QDex: a database profiler for generic bio-data exploration and quality aware integration

  • Authors:
  • F. Moussouni;L. Berti-Équille;G. Rozé;O. Loréal;E. Guérin

  • Affiliations:
  • INSERM, CHU Pontchaillou, Rennes, France;IRISA, Campus Universitaire de Beaulieu, Rennes, France;INSERM, CHU Pontchaillou, Rennes, France;INSERM, CHU Pontchaillou, Rennes, France;INSERM, CHU Pontchaillou, Rennes, France

  • Venue:
  • WISE'07 Proceedings of the 2007 international conference on Web information systems engineering
  • Year:
  • 2007

Quantified Score

Hi-index 0.00

Visualization

Abstract

In human health and life sciences, researchers extensively collaborate with each other, sharing genomic, biomedical and experimental results. This necessitates dynamically integrating different databases into a single repository or a warehouse. The data integrated in these warehouses are extracted from various heterogeneous sources, having different degrees of quality and trust. Most of the time, they are neither rigorously chosen nor carefully controlled for data quality. Data preparation and data quality metadata are recommended but still insufficiently exploited for ensuring quality and validating the results of information retrieval or data mining techniques. In a previous work, we built a data warehouse called GEDAW (Gene Expression Data Warehouse) that stores various information: data on genes expressed in the liver during iron overload and liver diseases, relevant information from public databanks (mostly in XML), DNA-chips home experiments and also medical records.
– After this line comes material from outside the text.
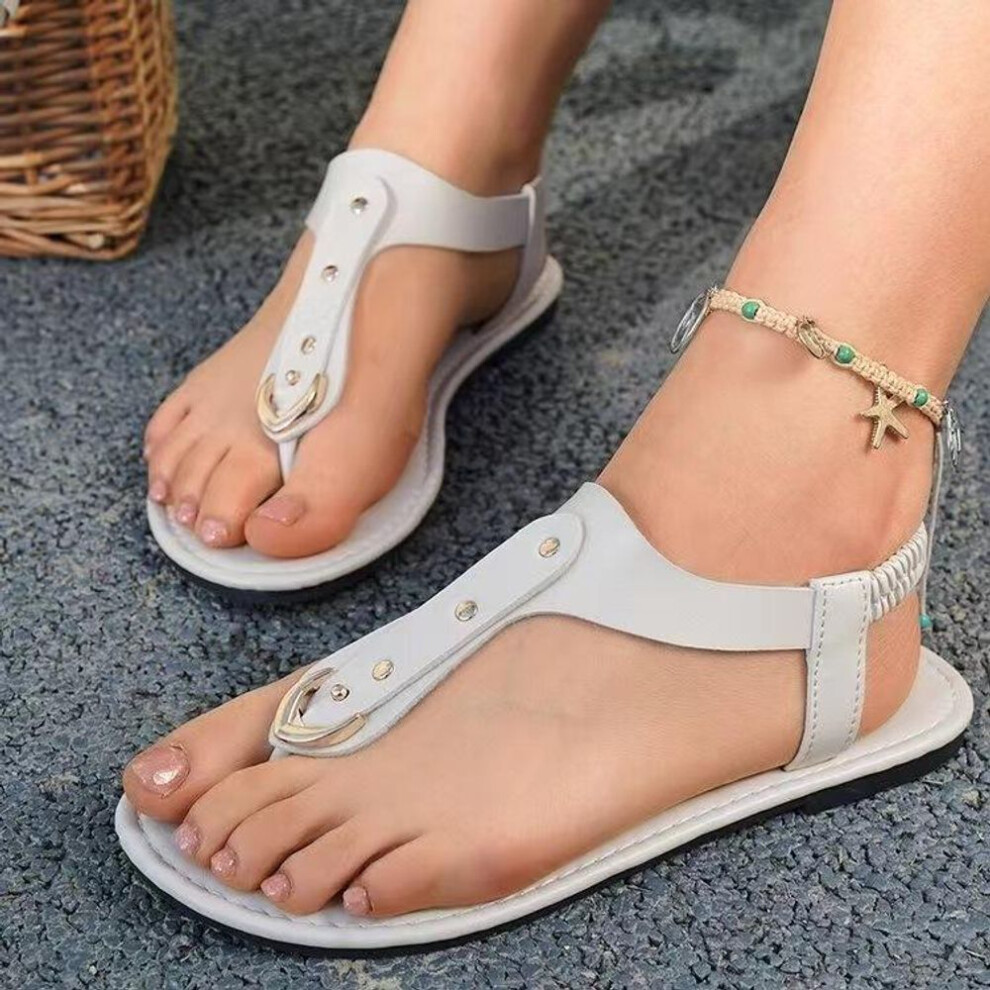 (as the picture, 36) Sandals Women Toe Post Studded Sandals Simple Solid Colour Outside Thin Bottom Open Toe Clip Toe Beach Sandals Ladies Shoes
Based on our past experience, this paper reports briefly on the lessons learned from biomedical data integration and data quality issues, and the solutions we propose to the numerous problems of schema evolution of both data sources and warehousing system. In this context, we present QDex, a Quality driven bio-Data Exploration tool, which provides a functional and modular architecture for database profiling and exploration, enabling users to set up query workflows and take advantage of data quality profiling metadata before the complex processes of data integration in the warehouse. An illustration with QDex Tool is shown afterwards.